As Old as Humanity Itself

There’s a notion in the human mind of the “other.” Maybe it’s inherent, maybe it’s a result of the cultures we have been raised in, but either way, this concept persists in our thinking. Somehow we struggle to find some sense of personal identity without differentiating ourself from others.

Maybe it stems from our history. When two ancient tribes came into contact with one another, there were immediate lines of demarcation. We are such and such tribe and this is our territory as opposed to this other tribe . For some reason, there was a need to separate the two.

Perhaps back in the day this was necessary, but in our modern, globalized world, the concept of the “other” is something that needs to end. We are evolving as a species, striving to put an end to implicit bias, discrimination, racism and forms of division between us. Viewing other people as inherently different than us can be damaging.

Praise Diversity

I’m not saying we should refuse to recognize the nuances of culture and the things that give us commonality with certain people. Diversity of culture and experience is something that should be encouraged and praised. The amazing thing about different cultures is that embracing them makes us more inclusive. The only reason the myth of the “other” exists is because we fear what (or in this case who) we do not know.
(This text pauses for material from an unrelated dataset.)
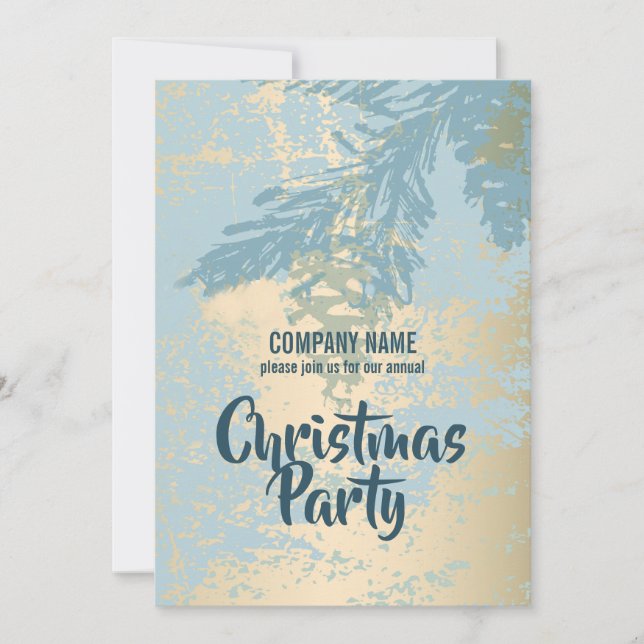 Modern Blue Pine Christmas Office Party Invitation (Front)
Recognizing and embracing the fact that people have different cultures helps us to understand that they aren’t so different from us. It’s amazing how quick we are to judge someone else’s ways just because they’re different from our own. And sometimes one’s defense of their culture and heritage is seen as an attack on another’s. Really, these lines are human constructs. They’re boundaries we have created to feel unique, but they needn’t become lines of division.



Divisive Rhetoric

I don’t have to explain to anyone the amount of division that exists today because of our rhetoric. We demonize immigrants, slander the LGBTQ community, and make instant judgements of character based upon religious affiliation.

This sounds idealistic, but we’re all the same. I mean it. Literally the same. The sooner we let that nugget of truth sink into the marrow of our bones, the sooner we’ll be happier.

I’m by no means perfect. I still make snap judgements on a regular basis. The point is not perfection. The point is progress. Simply being aware of the fact that we hold biases is the first step to helping eliminate those biases.

Some people think that messages like this serve no real purpose, that promoting love on a world scale is nebulous and doesn’t actually change anything. I disagree.

You dispel hate by injecting love. Injecting it into society, into people’s lives on an individual basis. Because fixating on the removal of hate and prejudice only makes us focus on those things more; but focus on introducing love into a system and then we stand a chance.